# my progress



## craigy_boy (Mar 6, 2007)

here are some pics of me

my stats are

age 21

weight 12.4 stone it was 10.8 back in xmas 2006 when i started training.

been training since just before xmas 2006

here are sum pics from dec 2006

to today

please tell me what you think and areas that i can improve


----------



## megatron (Apr 21, 2004)

That's a god amount of weight to have added over the course of 18 months. Looking at you, you still have low bodyfat too.
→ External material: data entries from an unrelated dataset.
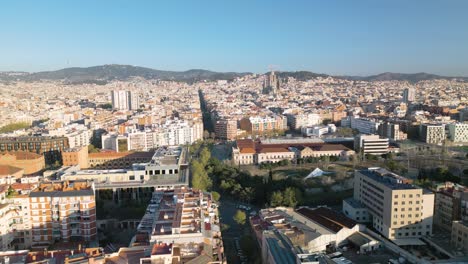 Vista-Aérea-Sobre-El-Eixample,-Barcelona,-España-Con-La-Iglesia-De-La-Sagrada-Familia-Al-Fondo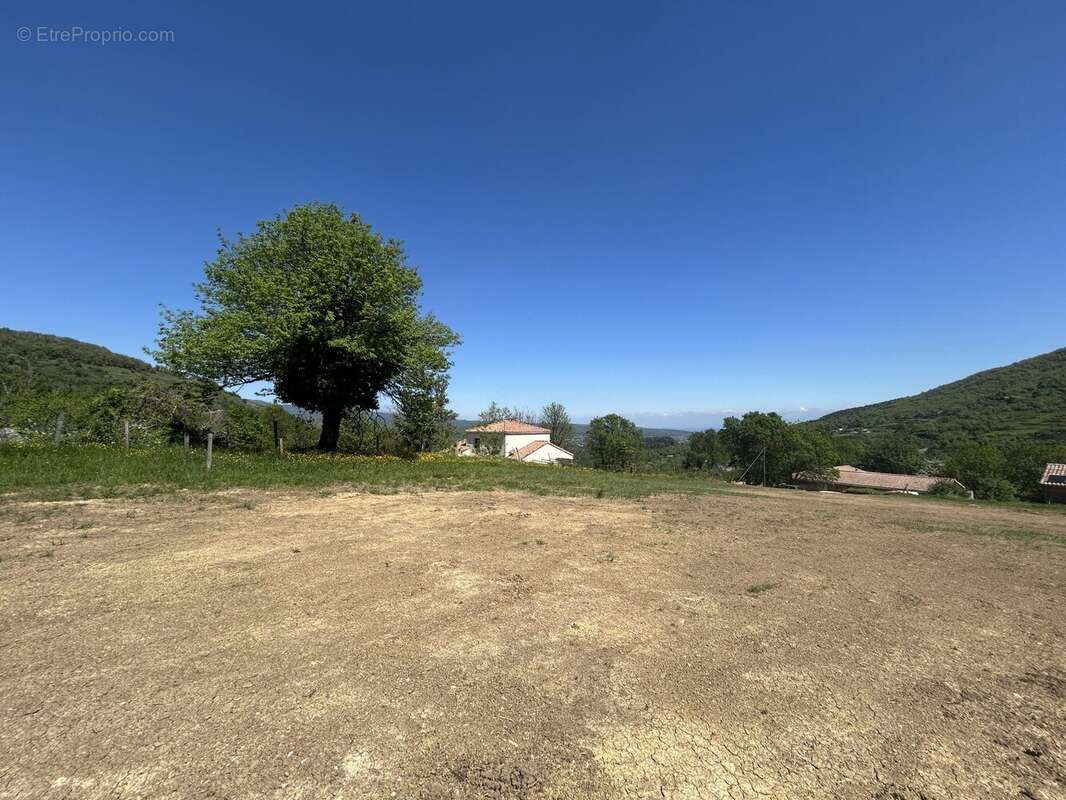Terrain 1104 m² à Rochessauve  - photo 4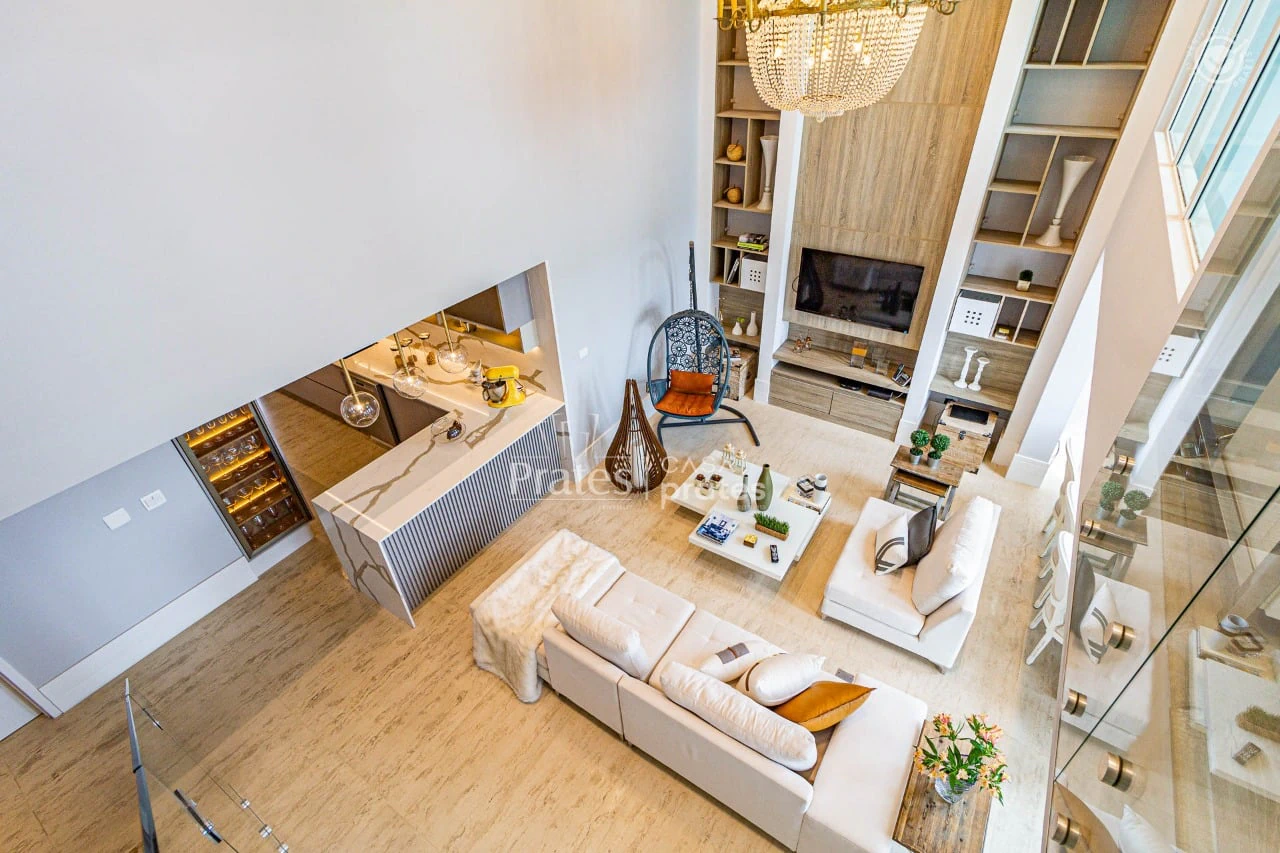 Apartment with 3 en-suite bedrooms, 230 m² and parking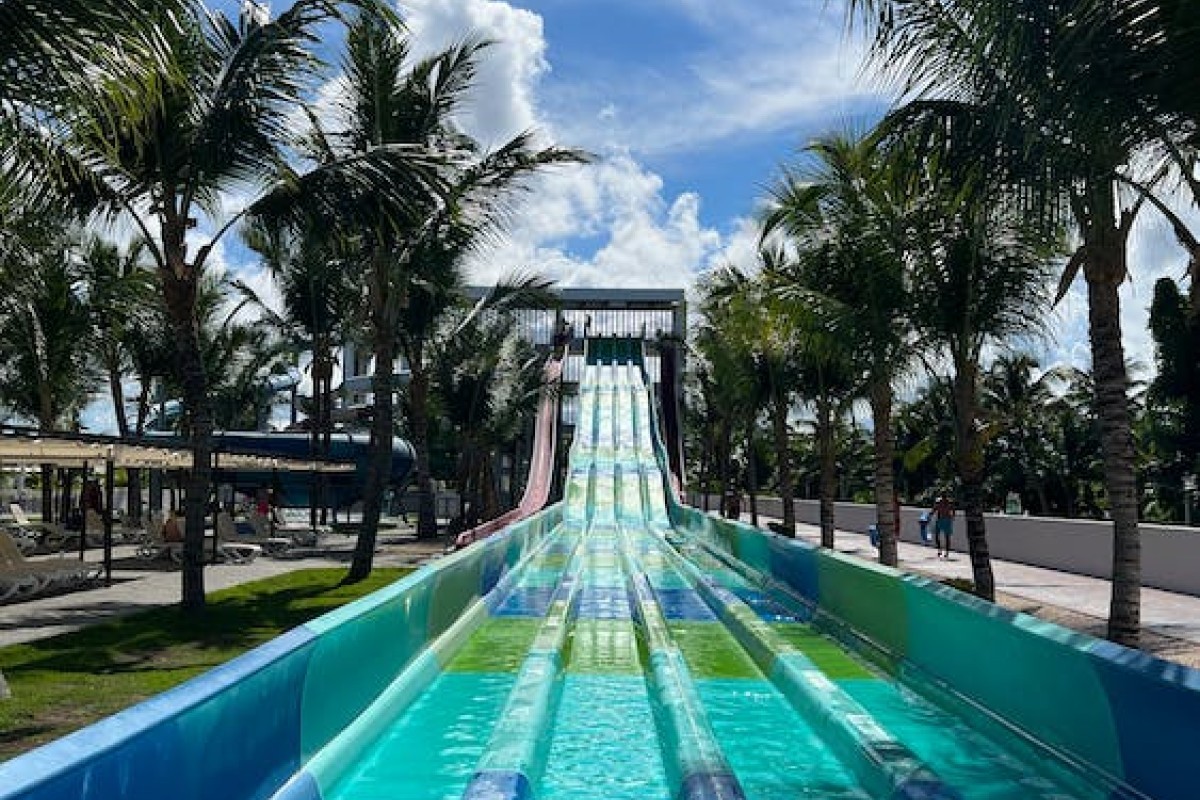 Pacu Adrenalin Dengan Kolam Tsunami Disini, 4 Waterpark Terbesar Di Jawa Timur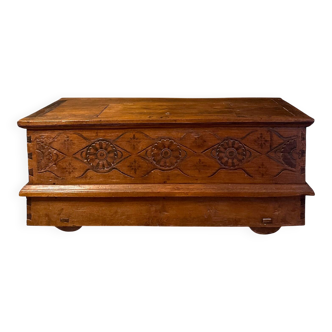 Large hand-carved teak storage chest, 1800s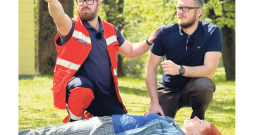 Raidījums "360TV ZIŅneši" sadarbībā ar Neatliekamās medicīniskās palīdzības dienesta mediķiem izveidojis pirmās palīdzības sniegšanas videociklu "Dzīvības ABC". Raidījums "360TV ZIŅneši" sadarbībā ar Neatliekamās medicīniskās palīdzības dienesta mediķiem izveidojis pirmās palīdzības sniegšanas videociklu "Dzīvības ABC".
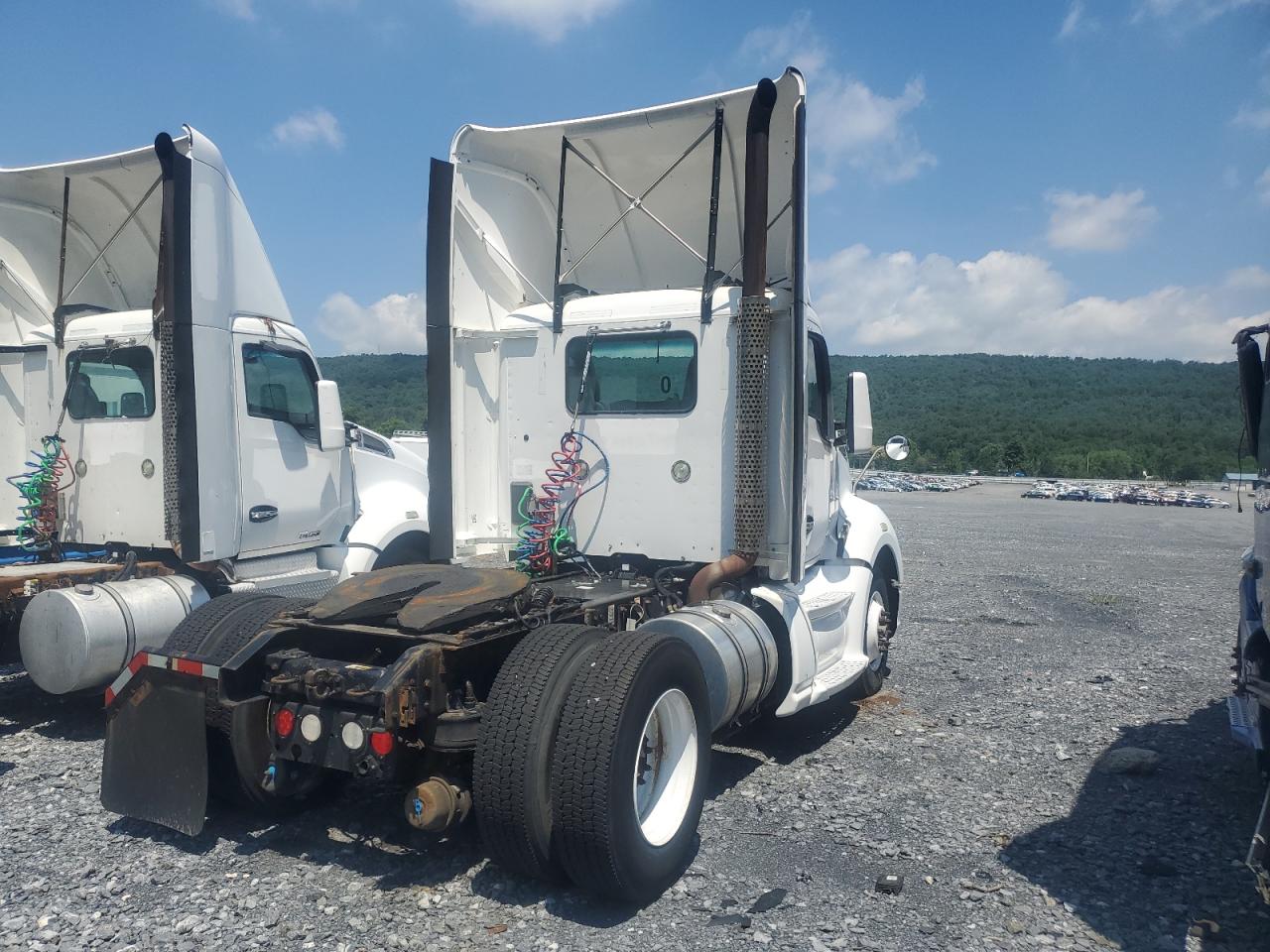 KENWORTH All Models 2014 VIN 1XKYA48X5EJ403017 фото 4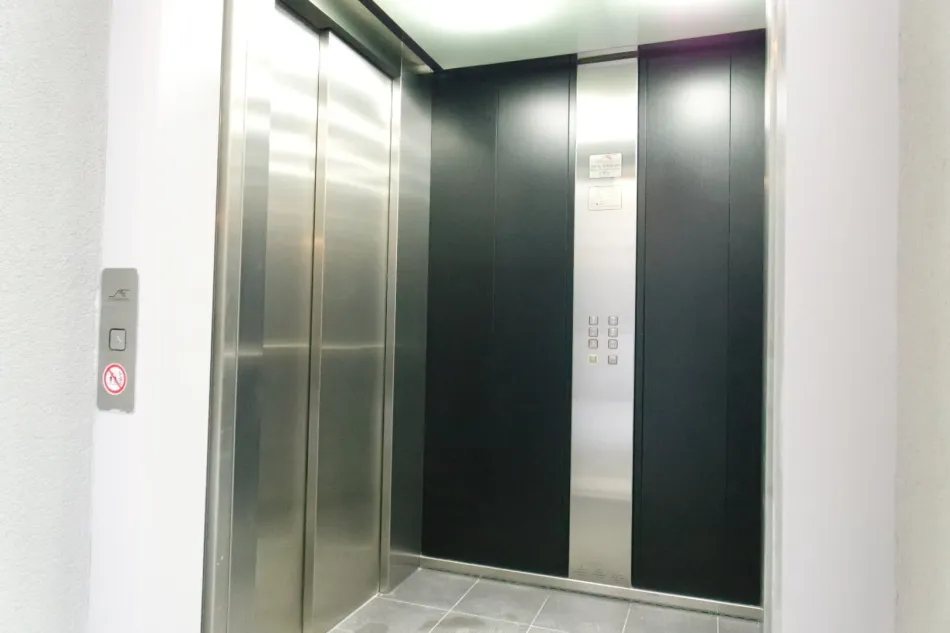 Dachterrassen Wohnung - mit Hybridheizung! Video + Klimaanlage - Bild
Are you still gaining right now?


----------



## craigy_boy (Mar 6, 2007)

yes im still gaining well im still trying to gain i got a alot more size to put on.


----------



## megatron (Apr 21, 2004)

Just keep stuffing the good food in all day, it's not easy but it works


----------



## kevo (Aug 7, 2003)

Good work mate, stick at it!


----------



## craigy_boy (Mar 6, 2007)

here is some new up to date pics of me weight now 13/13.2 stone.

chaged my gym and now really pushing myself at the new gym please tell me on what you think thanks craig


----------



## Magic Torch (May 30, 2005)

Your moving in the right direction.

Plenty of good whole foods like mega said, and loads of Deads, Squats, bent over rows, Bench etc.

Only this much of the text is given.